What Jumping Spiders Teach Us About Color

Color isn’t a simple property of objects—it’s a moving target shaped by anatomy, behavior, and evolution. Human eyes and screens make this clear: a “yellow” ball can be rendered using only red and green light, because the brain infers color by combining signals from just three cone types. The same ball can look yellow to a human even when the retina never directly measures “yellow” wavelengths. That mismatch between what light carries and what perception produces sets up the central question: what does color mean in other animals, and why did different species evolve different color systems?

Jumping spiders provide a striking answer because their color vision varies widely—even among closely related species. Most jumping spiders are dichromats, with two cone types, giving a coarse color sense. Others are trichromats or tetrachromats, expanding the range of detectable wavelengths. Their ability to see color also depends on how their eyes are built. The principal eyes use a Galilean-telescope-like design: two lenses separated by a long fluid-filled tube, with a second lens magnifying the image onto a retina beneath. That setup supports exceptional detail, but only across a narrow “thumb-at-arm’s-length” slice of the world. Secondary eyes provide a 360-degree view in mostly black-and-white, letting the spider swivel and “paint” color and detail moment by moment as the principal eyes sweep.

Evolution has repeatedly reinvented expanded color vision in jumping spiders. After measuring 45 species across the evolutionary tree, researchers found up to 12 independent changes in color vision. Red sensitivity, in particular, evolved multiple times through different genetic routes. In some species, a green-sensitive opsin gene duplicates and the new copy shifts toward longer wavelengths, producing red sensitivity. In others, the spider keeps the same pigment but adds an internal optical filter to certain green-sensitive cells, forcing them to respond only to longer wavelengths. The result is that “seeing red” can arise from distinct biological mechanisms.

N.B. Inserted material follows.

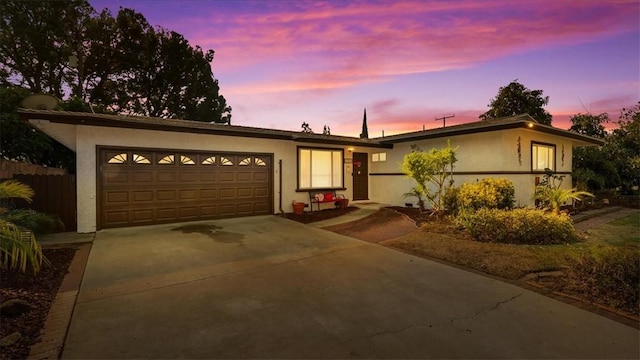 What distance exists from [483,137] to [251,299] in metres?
9.83

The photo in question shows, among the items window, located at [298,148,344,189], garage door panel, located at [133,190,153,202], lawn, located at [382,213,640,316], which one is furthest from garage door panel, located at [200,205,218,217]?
lawn, located at [382,213,640,316]

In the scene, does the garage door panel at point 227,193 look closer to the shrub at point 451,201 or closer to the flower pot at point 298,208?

Why evolve richer color vision? For a visual predator, color can function as a warning system and a hunting tool. Researchers trained spiders using termite prey painted red or gray, then manipulated taste by treating red termites with Bitrex (extremely bitter) while gray termites remained tasty. Spiders with access to red-related color cues learned faster and performed better: they laid eggs sooner and ended up heavier in the treatment group. That supports the idea that color helps spiders avoid harmful, toxic-looking prey—especially long-wavelength cues like red and orange.

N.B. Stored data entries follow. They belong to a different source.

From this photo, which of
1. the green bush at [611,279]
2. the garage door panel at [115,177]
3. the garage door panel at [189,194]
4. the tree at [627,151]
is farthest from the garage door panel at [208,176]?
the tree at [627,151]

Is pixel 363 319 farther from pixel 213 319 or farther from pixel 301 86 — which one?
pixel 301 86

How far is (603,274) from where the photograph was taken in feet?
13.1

But color’s value may extend beyond food. Some male jumping spiders display bright red courtship signals that females may not actually see as red. Measurements suggest certain species lack red-sensitive cones, yet their layered retinas and focus mechanics can turn color into a depth illusion via chromatic aberration and focus differences across retinal layers. If a female perceives a male as closer than he is, her aggressive response could change—sometimes with direct reproductive consequences for the male.

To test these links between focus, depth, and color, researchers are pursuing high-resolution X-ray imaging using the Advanced Photon Source to watch eye-tube and retinal movements through the exoskeleton. The facility shut down for upgrades after initial trials, delaying results, but the goal is clear: connect live anatomy and motion to how color and distance are actually perceived. In the end, color emerges as an evolutionary “dance” between what eyes can sense and how animals use those signals in a three-dimensional world.